++++ Extracted records ++++

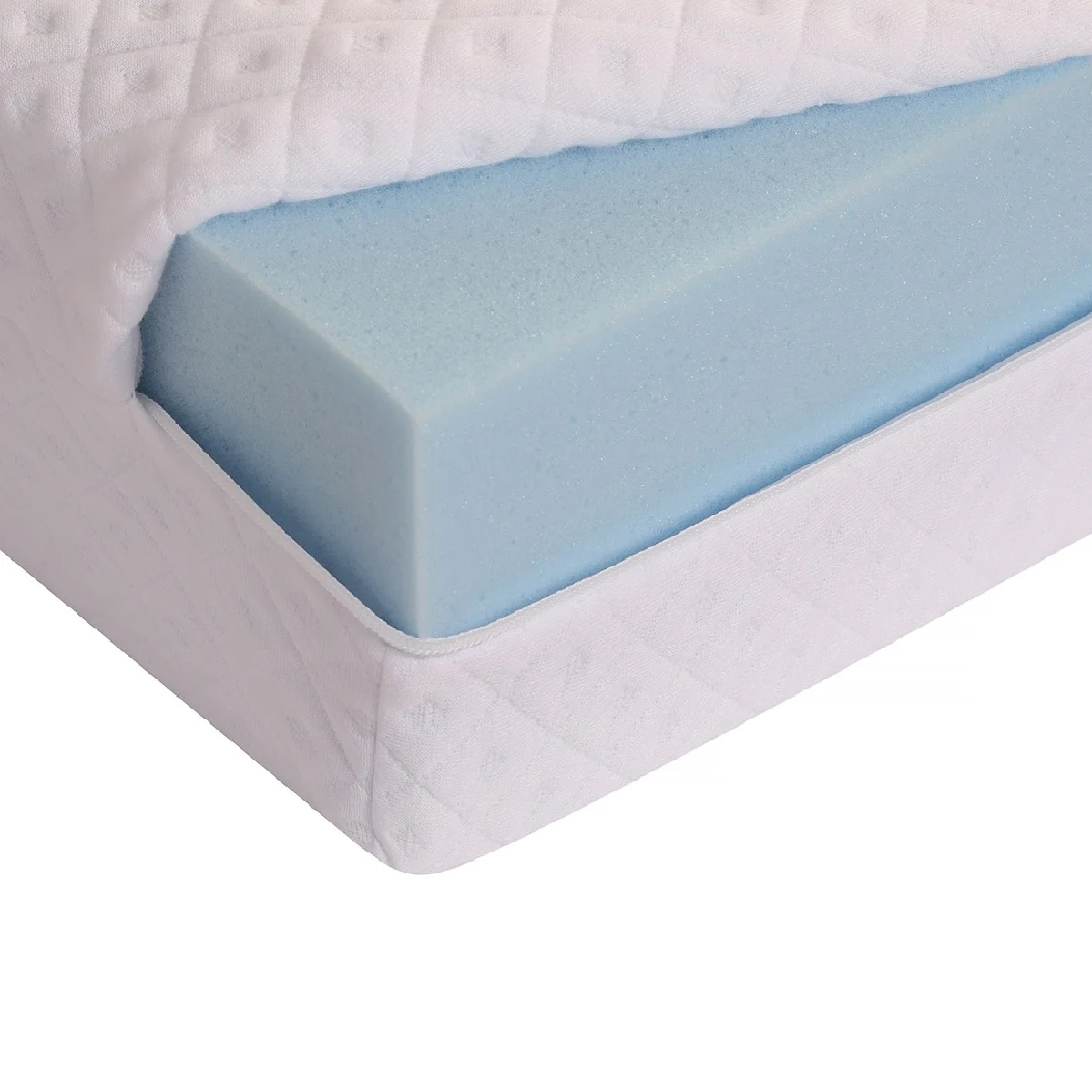 Comfort Premium Mattress Single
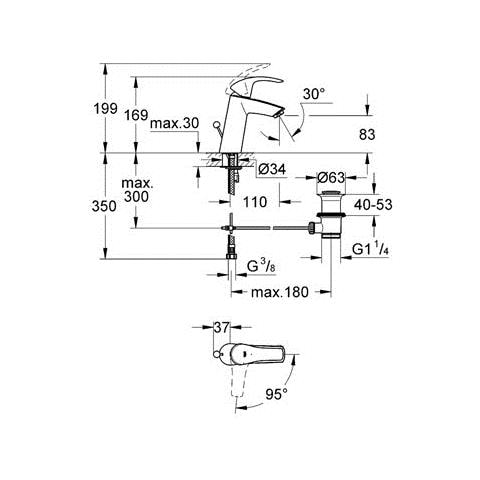 Miscelatore Monocomando Lavabo New Eurosmart Grohe Medio - Foto 2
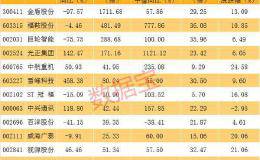 三季报后估值骤降个股名单来了 最高从1700倍降至不到30倍！它们正悄悄走强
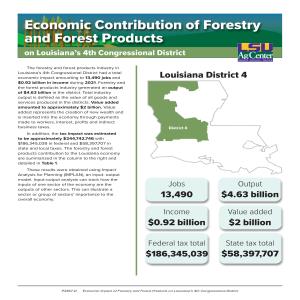 Economic Contribution of Forestry and Forest Products on Louisiana’s 4th Congressional District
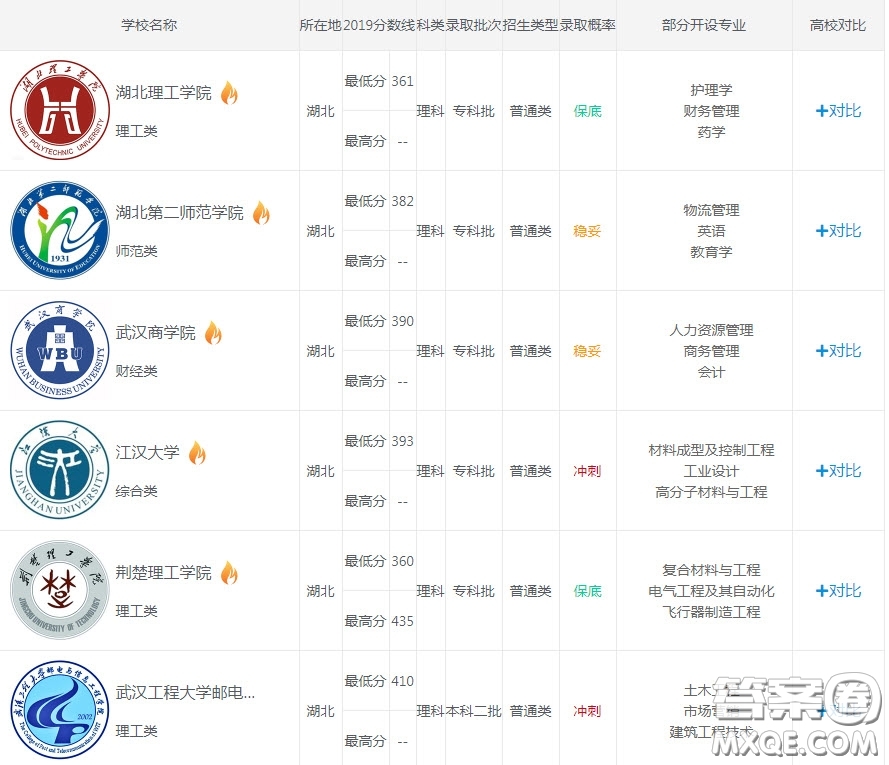 2020湖北高考理科416分左右能上哪些大學 2020湖北高考理科416分左右能上什么學校
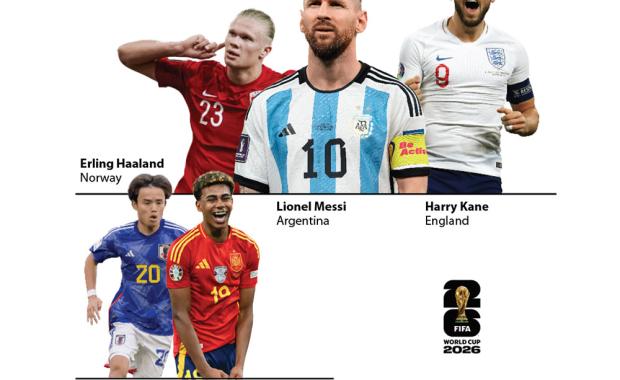 Bhutanese fans tip Argentina, Brazil, Japan, England to lift World Cup 2026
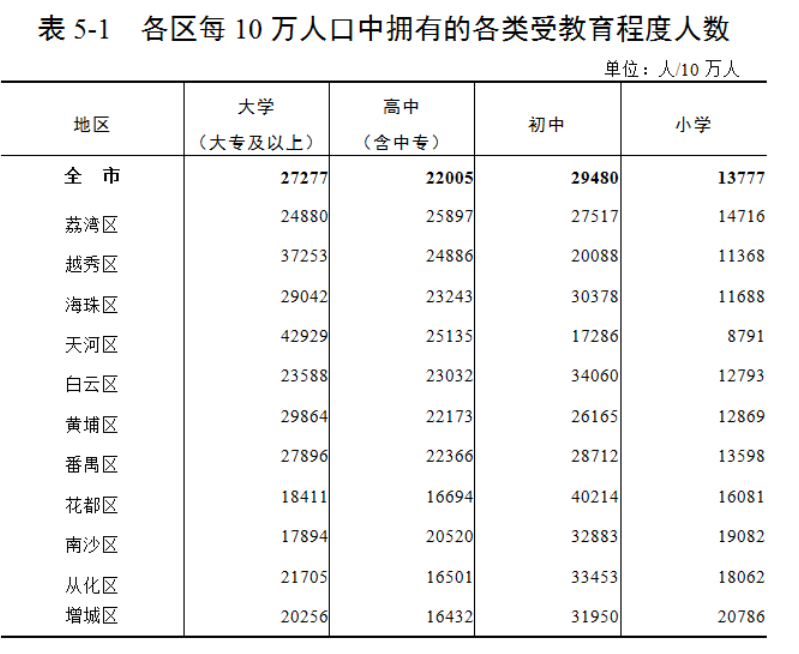 广州人口年份_广州各区人口图(2)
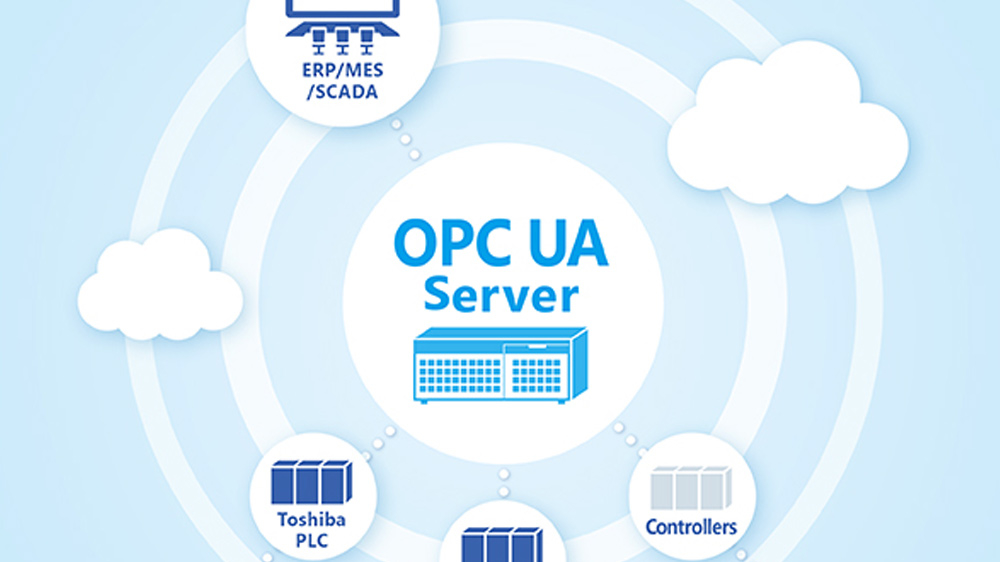 OPC-UA　サーバーパッケージ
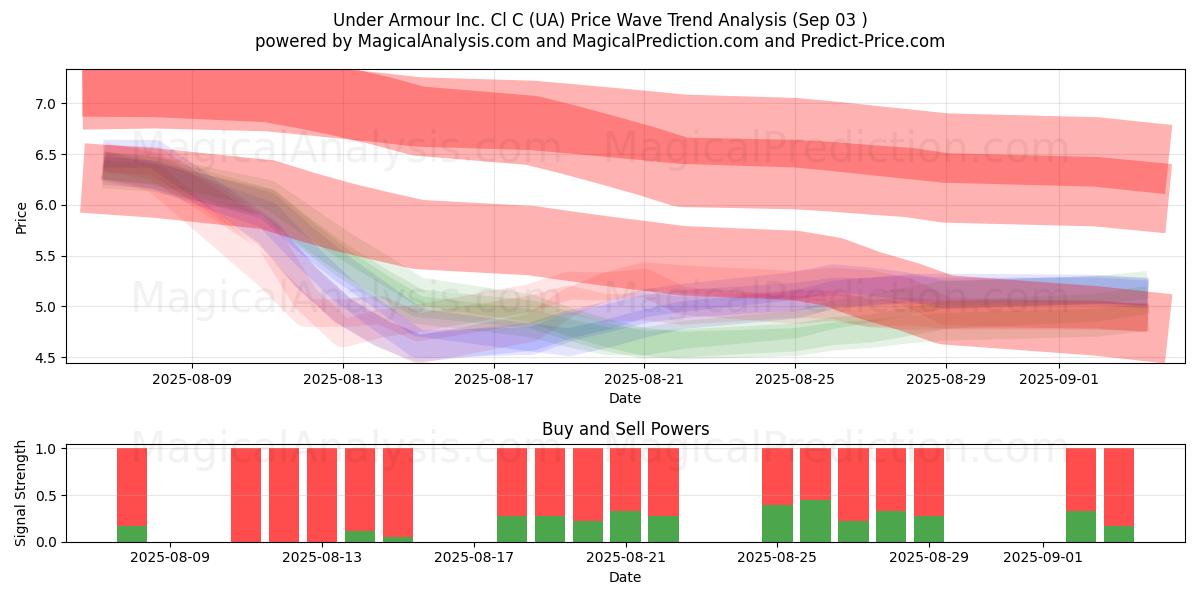  Under Armour Inc. Cl C (UA) Support and Resistance area (02 Sep) 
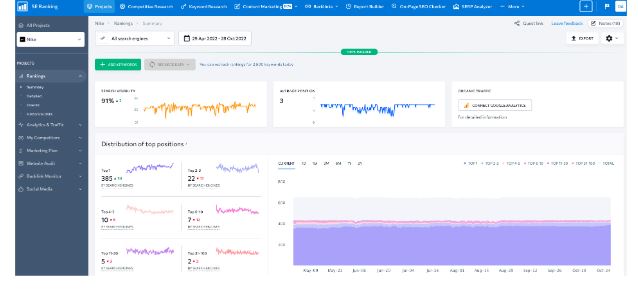 SE Ranking 2 | Digital Marketing Community SE Ranking: All-in-one SEO Analysis & Digital Marketing Tool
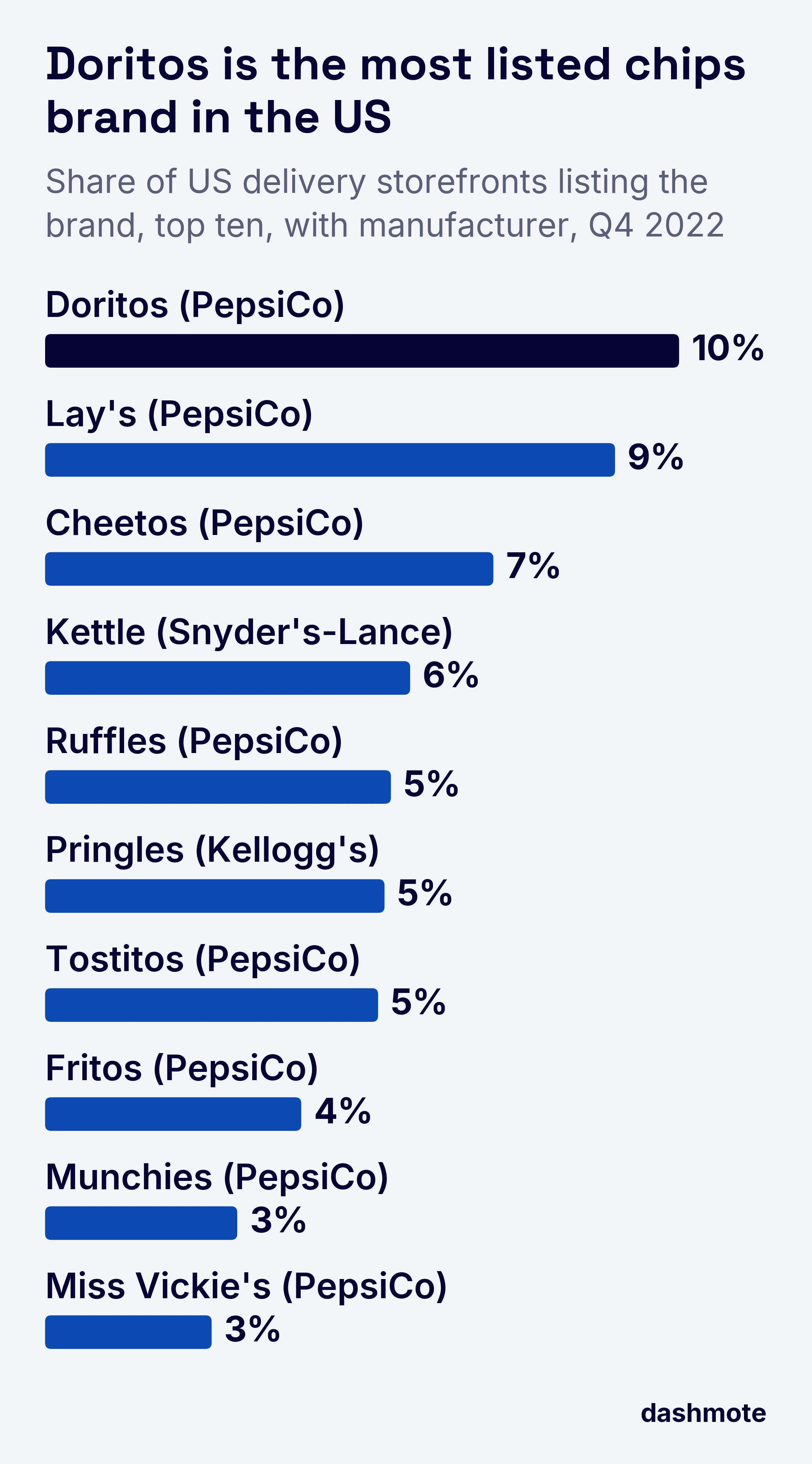 Bar chart of the top chips brands on US food delivery by penetration in Q4 2022: Doritos 10%, Lay's 9%, Cheetos 7%, Kettle 6%, Ruffles 5%, Pringles 5%, Tostitos 5%, Fritos 4%, Munchies 3%, Miss Vickie's 3%.
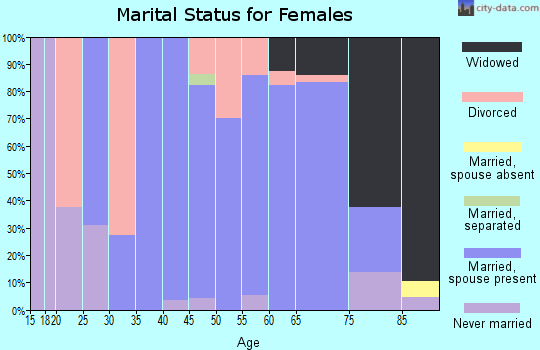 Zip code 57066 marital status for females
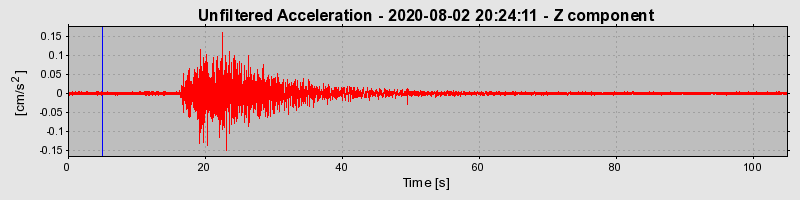 Plot-20220609-3069-xai20w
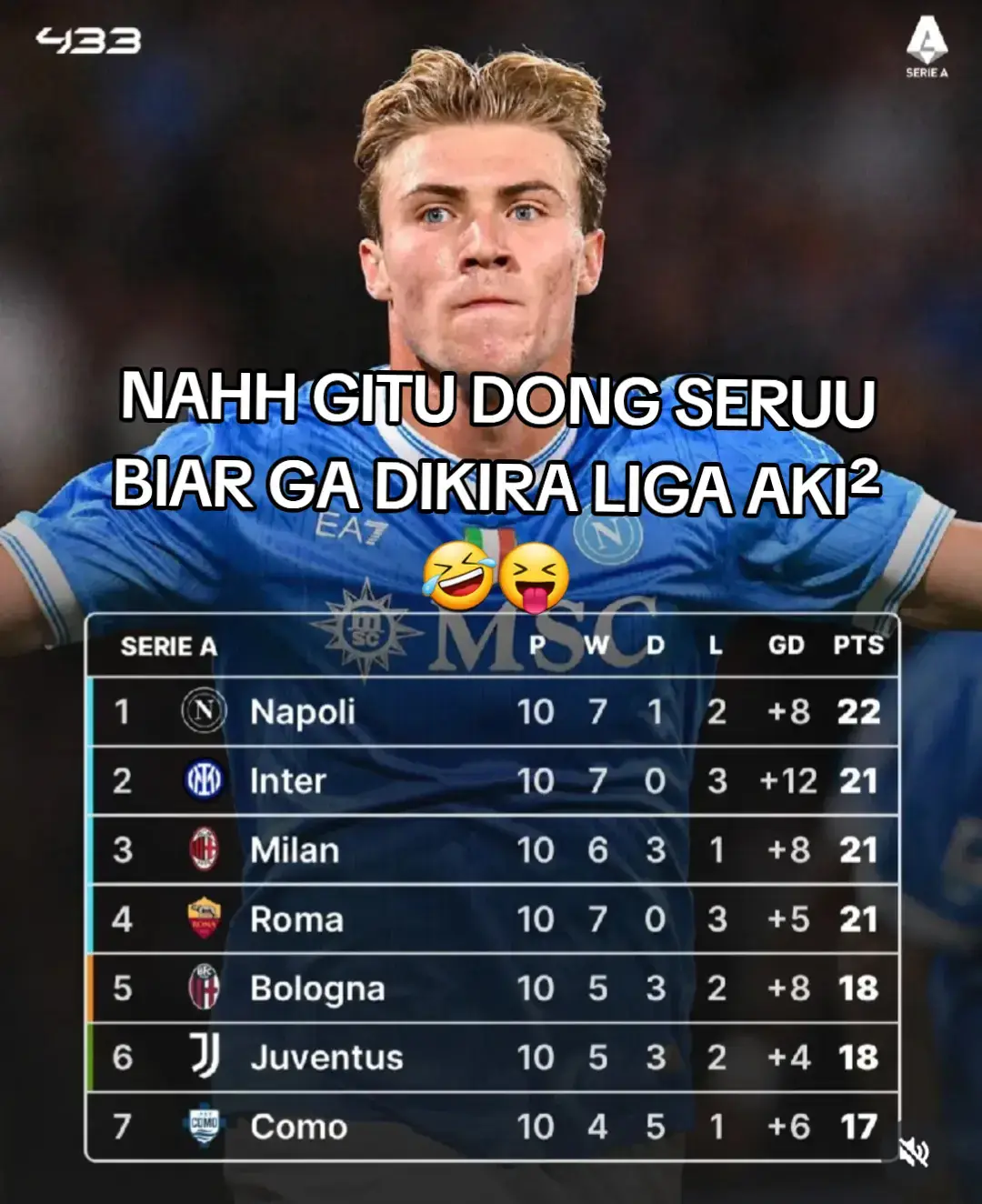 Super big match akan tersaji dalam match week 4 Uefa Champions league (UCL) Liverpool akan menjamu tamunya Real madrid, dan PSG akan menghadapi Bayern muinich.  #ucl #halamadrid #bayernmunich #realmadrid #psg #liverpool #ynwa🔴🔴🔴 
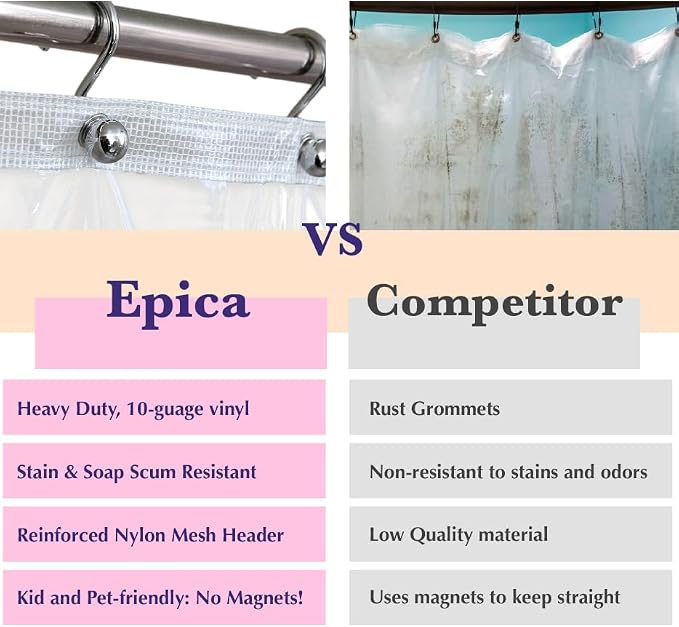 Epica Shower Curtain – Strongest Heavy-Duty Clear Vinyl 72x72 Shower Curtain - Image 7
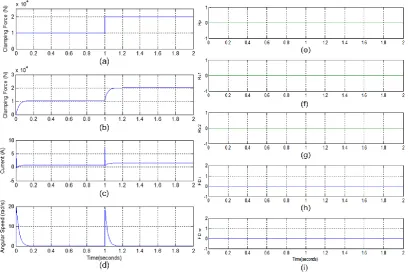 Fig. 4. Simulation results of EMB system without any sensor faults: (a) the reference clamping force (b) the clamping force estimator output (c) the  motor current sensor output (d) the motor speed sensor output (e) primary residual (f) secondary residual1 (g) secondary residual2 (h) fault detection result for current sensor (i) fault detection result for speed sensor  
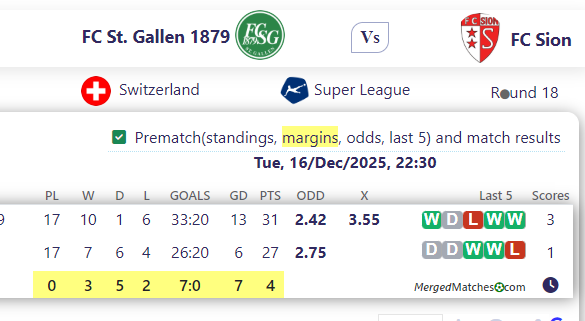 FC St. Gallen 1879 Vs FC Sion screenshot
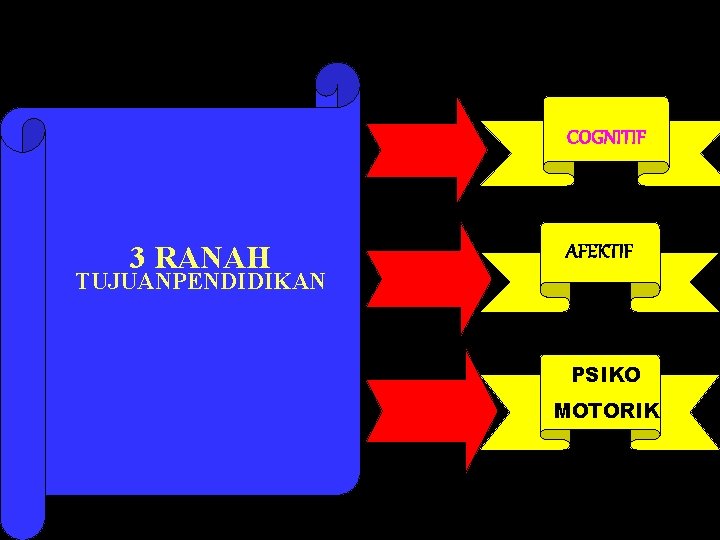 COGNITIF 3 RANAH AFEKTIF TUJUANPENDIDIKAN PSIKO MOTORIK 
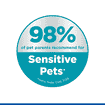 Canine Hypoallergenic Small & Mini Breed Salmon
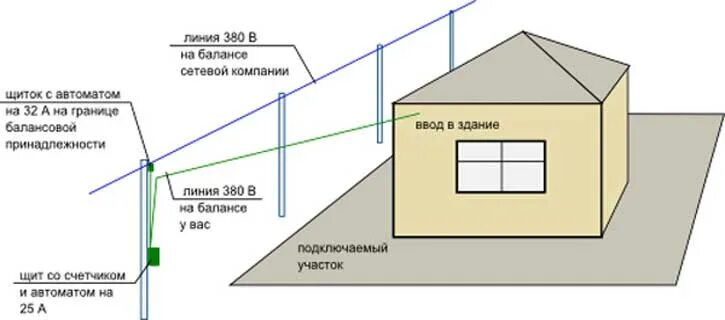 Коммуникации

++++

**What the task asks:** If a record holds a picture, drop the picture and return the rest of it exactly.

**Finished exercise:**
 Comfort Premium Mattress Single
 Miscelatore Monocomando Lavabo New Eurosmart Grohe Medio - Foto 2
 三季报后估值骤降个股名单来了 最高从1700倍降至不到30倍！它们正悄悄走强
 Economic Contribution of Forestry and Forest Products on Louisiana’s 4th Congressional District
 2020湖北高考理科416分左右能上哪些大學 2020湖北高考理科416分左右能上什么學校
 Bhutanese fans tip Argentina, Brazil, Japan, England to lift World Cup 2026
 广州人口年份_广州各区人口图(2)
 OPC-UA　サーバーパッケージ
  Under Armour Inc. Cl C (UA) Support and Resistance area (02 Sep) 
 SE Ranking 2 | Digital Marketing Community SE Ranking: All-in-one SEO Analysis & Digital Marketing Tool
 Bar chart of the top chips brands on US food delivery by penetration in Q4 2022: Doritos 10%, Lay's 9%, Cheetos 7%, Kettle 6%, Ruffles 5%, Pringles 5%, Tostitos 5%, Fritos 4%, Munchies 3%, Miss Vickie's 3%.
 Zip code 57066 marital status for females
 Plot-20220609-3069-xai20w
 Super big match akan tersaji dalam match week 4 Uefa Champions league (UCL) Liverpool akan menjamu tamunya Real madrid, dan PSG akan menghadapi Bayern muinich.  #ucl #halamadrid #bayernmunich #realmadrid #psg #liverpool #ynwa🔴🔴🔴 
 Epica Shower Curtain – Strongest Heavy-Duty Clear Vinyl 72x72 Shower Curtain - Image 7
 Fig. 4. Simulation results of EMB system without any sensor faults: (a) the reference clamping force (b) the clamping force estimator output (c) the  motor current sensor output (d) the motor speed sensor output (e) primary residual (f) secondary residual1 (g) secondary residual2 (h) fault detection result for current sensor (i) fault detection result for speed sensor  
 FC St. Gallen 1879 Vs FC Sion screenshot
 COGNITIF 3 RANAH AFEKTIF TUJUANPENDIDIKAN PSIKO MOTORIK 
 Canine Hypoallergenic Small & Mini Breed Salmon
 Коммуникации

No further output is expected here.